The researchers found that about 18 percent of the teens had used a hookah in the last year. Teens who smoked cigarettes – or who used to – were more likely to use hookahs, as were those who used alcohol, marijuana or other illicit drugs.

The investigators point to several reasons for the rise in hookah use. Hookah smoking most often happens at a Hookah bar and because several people can share one pipe, it has become a way for teens to socialize. One expert cites the “cool factor” associated with hookah smoking.

Hookah pens are also contributing to the growth of this smoking option. Similar to e-cigarettes, hookah pens come in different flavors and provide a convenient delivery method that could lead to hookah use in everyday settings.

What concerns the researchers the most, however, is the mistaken belief that hookah smoking is safer than smoking cigarettes. Because hookah users inhale significant amounts of nicotine and cancer-causing toxins, it is just as harmful and addictive as cigarettes, say healthcare providers.

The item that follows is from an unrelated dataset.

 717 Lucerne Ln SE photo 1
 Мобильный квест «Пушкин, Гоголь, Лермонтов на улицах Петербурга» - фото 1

“The big myth is that because smoke bubbles up through water it’s somehow purified and safe. But lots and lots of studies have shown that the smoke users inhale contain all the toxic compounds that are inhaled in smoking a cigarette,” Norman Edelman, MD, a senior medical consultant for the American Lung Association and a professor of medicine at the State University of New York at Stoney Brook, told HealthDay.

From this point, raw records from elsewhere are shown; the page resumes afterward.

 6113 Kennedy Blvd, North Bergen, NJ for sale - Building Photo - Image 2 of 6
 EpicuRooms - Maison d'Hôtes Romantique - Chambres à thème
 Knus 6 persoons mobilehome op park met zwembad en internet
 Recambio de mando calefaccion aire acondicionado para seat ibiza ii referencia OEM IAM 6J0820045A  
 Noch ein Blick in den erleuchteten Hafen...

“And the other thing is that when people smoke they often do it for a long time. So they get a lot of it. And that means just one session with a hookah appears to be equivalent to smoking a whole pack of cigarettes,” explained Edelman.

Palamar and his team concluded that delivery systems like the hookah pen and the increased normalization of hookah will make this smoking method even more popular. “This portends a potential epidemic of a lethal habit growing among upper and middle class adolescents,” they wrote.